But although my mother would acknowledge these shortcomings and would join in when Grandma abused men in general for being beastly and deceiving, she would still make an exception for my father. Stubbornly she stopped short of denouncing him as a monster. Worse, she continued to sleep with him and not only because there were no spare bedrooms or attics in the council house. She could at least have stayed up half the night, Grandma felt, to make sure he was sound asleep before joining him in bed, but no.

Grandma had to content herself with more minor signs of betrayal. And Mrs Smith was an ally. That private, perfumed little box of dressing-up clothes was reminiscent of the room over the shop in South Wales where Grandma and her sister Katie took hours getting ready. This was their mother's territory all over again. Mrs Smith might be venal, but her insinuating voice still held an echo of the dead woman with hair the colour of a sovereign. It was my mother's need to feel mothered that drew her back to be fussed over and flattered by Mrs Smith, as much as any fear of losing caste.

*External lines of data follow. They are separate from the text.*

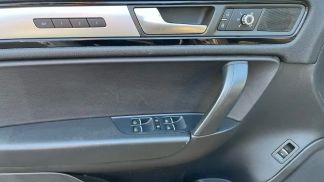 Leasing SUV Volkswagen Touareg 2010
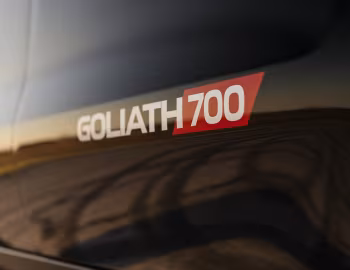 2019 Hennessey GOLIATH 700 Supercharged GMC Sierra Off‑Road Stage 1 '2019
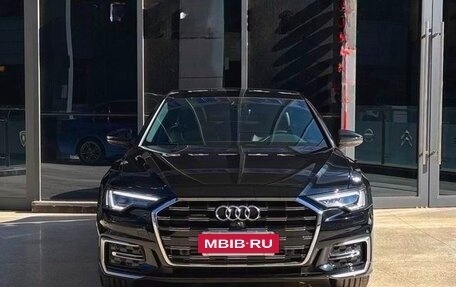 Audi A6, 2025 год, 6 600 000 рублей, 4 фотография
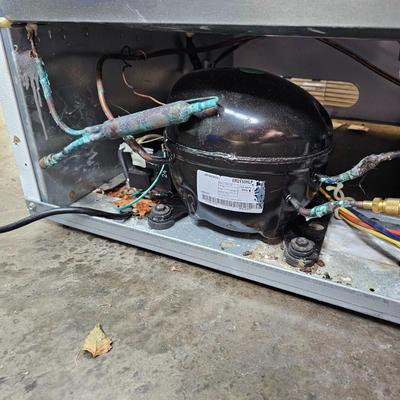 Kenmore Freezer (G-KD)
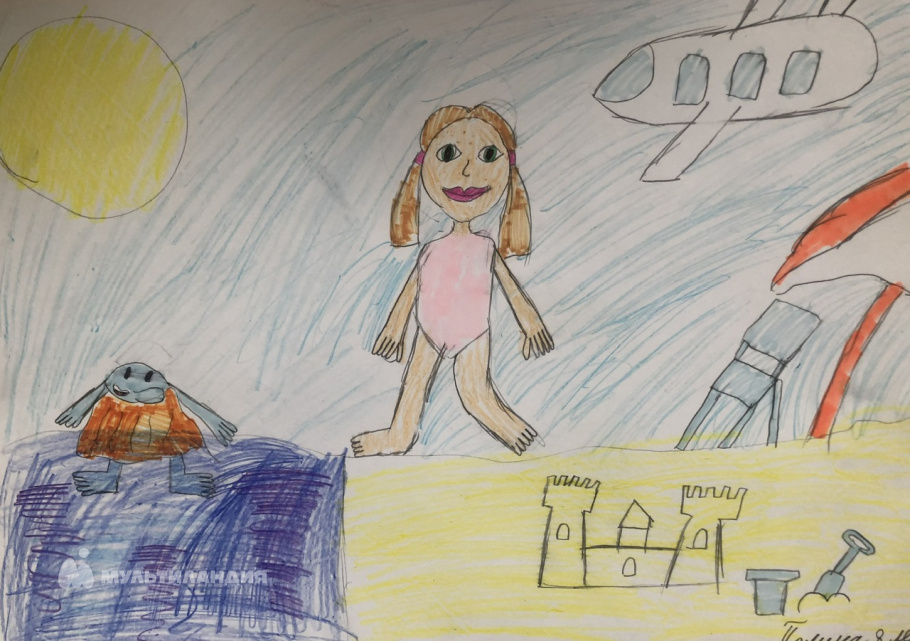 Шредер Полина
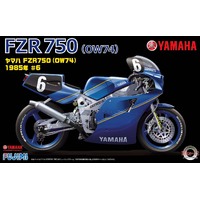 Fujimi 1/12 YAMAHA FZR750 (Bike-No12) Plastic Model Kit 14142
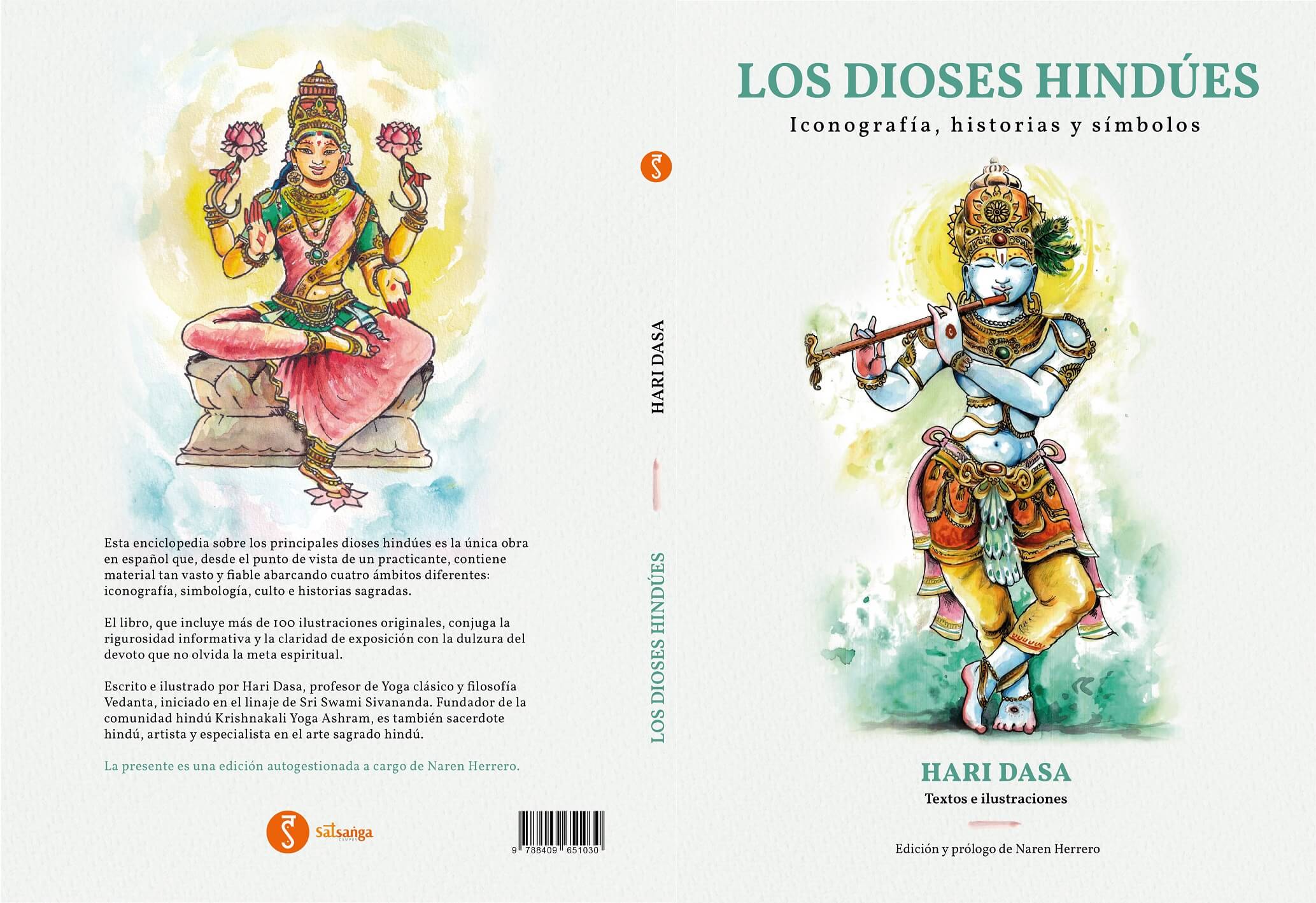Libro "Los dioses hindúes" - Imagen 2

For it seemed that nobody inside our family wanted to be mother, everyone was a daughter in perpetuity. You could have children of your own and still stay a mother's girl, as Grandma's example daily demonstrated. My mother, too, carried on the
tradition, although she could hardly remember her grandmother, the mythic maternal figure at the start of the line. She was insecure in her girlishness, however, as Grandma and Katie never were, shamed and tired out by her own incompetence as a homemaker. Grandma – who added considerably to her domestic burdens by demanding a lot of fetching and carrying and toasting of teacakes at unsocial hours – fed her discontent by reminiscing about the rosy days of her own youth, all hair-brushing and treats. Grandma's example, though, suggested no remedy except dressing up to go to the pictures. (We had no television yet and in any case 1950s TV was brisk and serviceable, you couldn't dream the day away on a diet of soaps and old movies.) Grandma had revamped her marriage in order to support the style of life she preferred. She took a new vow to hate Grandpa in sickness and in health, blackmailed him for an income and refused to touch him with a bargepole, as she often proudly recalled. But my mother, since she loved my father, cast about for some other expedient that would enable her to wear the clothes from Mrs Smith and to pay for them.

This was how she hit on the idea of getting a job – which she described, suppressing Mrs Smith, as a means of getting out of the house. It's a measure of my father's pride in her as superior and ‘different' that he didn't oppose her plan, although perhaps he foresaw all along that it couldn't come to anything. Received opinion was certainly against it. Women who were neither working class nor qualified professionals (we'd heard of women doctors and lawyers, but never seen one) were supposed to stay at home, or do good works if they felt restless. But my mother was no longer securely middle class enough to take on voluntary work, she wanted the money. There
were
ladylike jobs that were just possible: you could be a receptionist, or the kind of secretary who didn't type. Such positions,
however, could not be found in Hanmer; she would have to commute to Whitchurch or even further afield and to do that she would have to learn to drive. The logical first step, then, was to buy L plates and take lessons with my father . . .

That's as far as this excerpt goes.